Judge throws out squatters' Shake Shack receipt-based 'claim' on New Yorker's home

"The people who said they were locked out have walked away from the situation."


On Friday, Queens, New York, Civil Court Judge Vijay Kitson dismissed a lawsuit brought by a pair of alleged squatters who attempted to sue the homeowners of a house they tried to occupy. They claimed ownership with evidence such as receipts from a Shake Shack food delivery purchase.  

According to the New York Post, the homeowner's attorney Rizpah Morrow told reporters that the judge dismissed the case with prejudice, so it may not be refiled. "The Case is over," she said. 

"The landlords, the owners, own the house, they have possession," Morrow noted. "The people who said they were locked out have walked away from the situation. They are no longer requesting to be restored to possession and we still have their stuff." 

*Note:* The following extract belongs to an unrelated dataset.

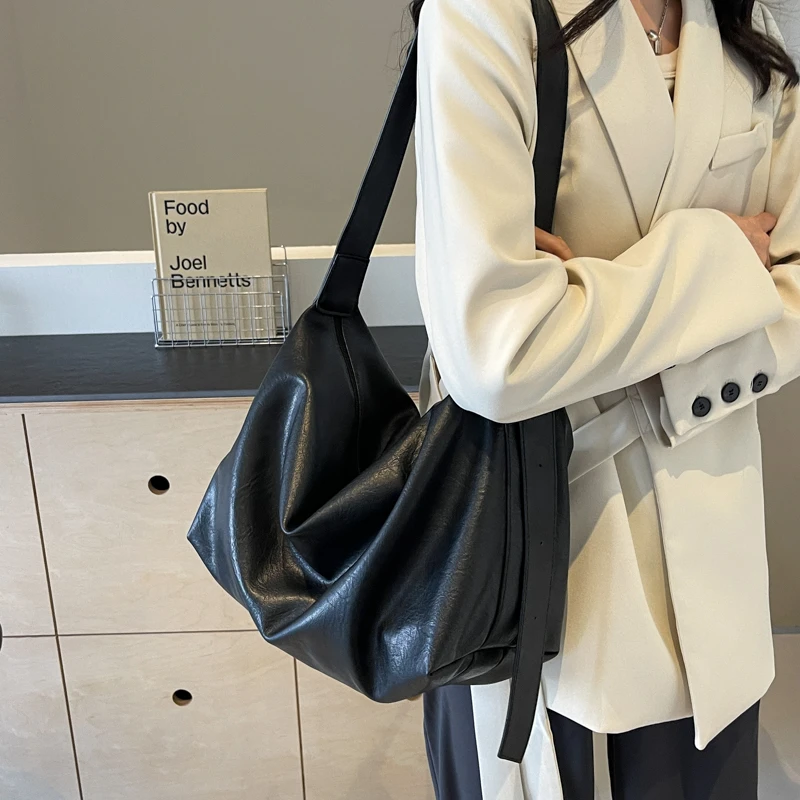 女式包包学生时尚百搭小众休闲网红单肩斜跨腋下春夏健身旅游包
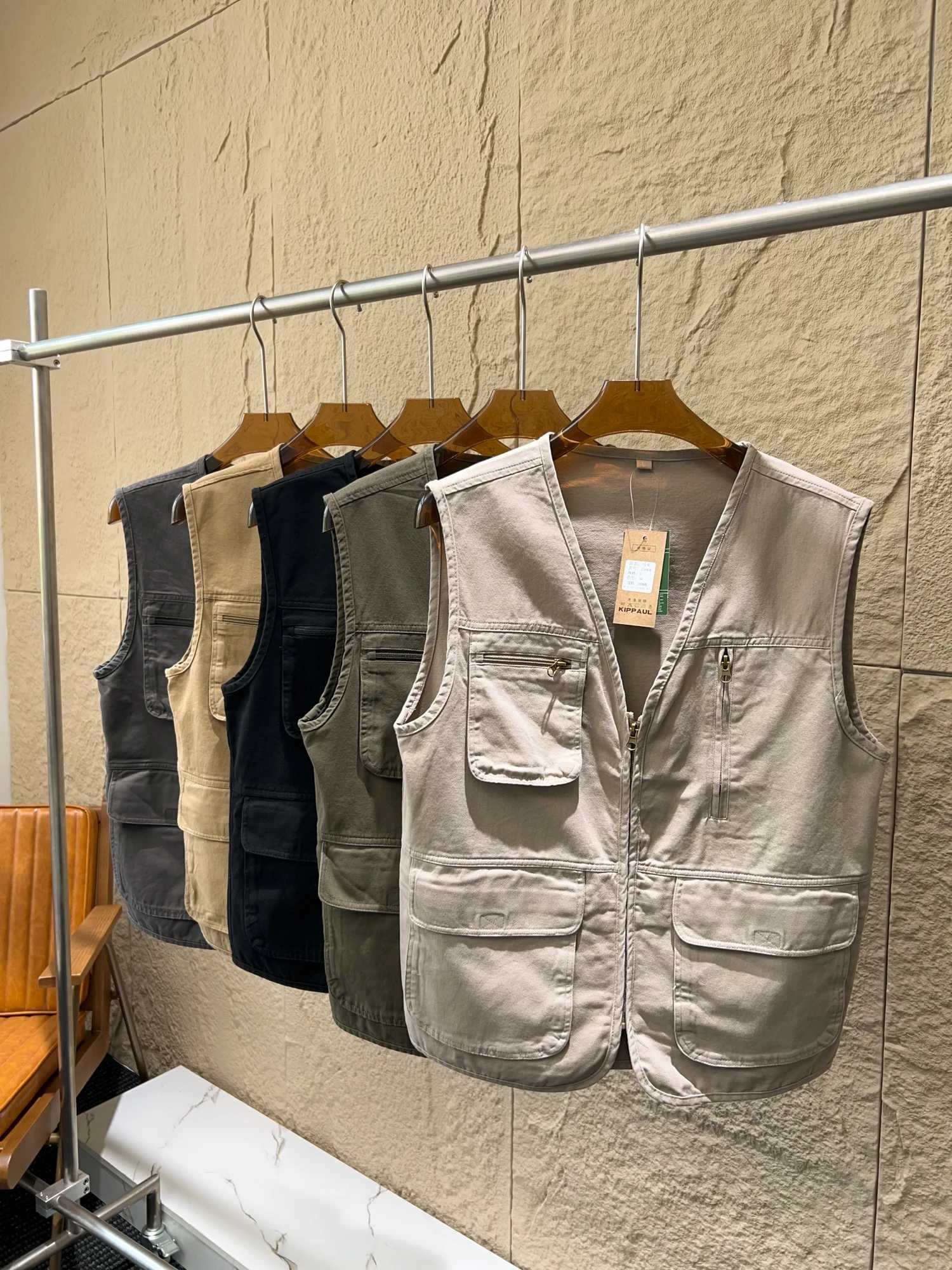 Outdoor Workwear Cotton Canvas Vest Men's Summer Casual Sveless Multi-Pocket Design Breathable Comfortable Unisex Q260917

Outside the courtroom, the homeowner Juliya Fulman said it was a hollow victory because the larger issue of “squatters” rights' remains. "Right now, there is a very big problem with these criminals and these squatters. Lawmakers need to make laws in order to protect the people, the citizens,” she told the outlet. Rondie L. Francis and Lance Hunt, the alleged squatters, sued her and Denis Kurlyand, the owners of the home. 

“These criminals are trying to drive people out of New York, and that is not going to happen,” Fulman added. "I still don’t feel like I have the full justice in this case because there are people who broke into my house. They claimed they had property there. I would like to know how they got property there.” 

Fulman noted that there are still a lot of unanswered questions such as "how they got into the house” and “how their belongings got there." 

Last week, Florida Governor Ron DeSantis took action against squatters after the issue has gained national attention due to homeowners getting arrested for trying to have the illegal occupiers removed from their property. "You are not going to be able to commandeer somebody's private property and expect to get away with it," the governor said. 

DeSantis condemned Democrat-run states for "siding with squatters" and not the property owners. “Earlier this month in New York, a woman returned to a property she inherited to find squatters living there. She changed the locks to get them out, and the state of New York arrested her instead of the squatters," he said.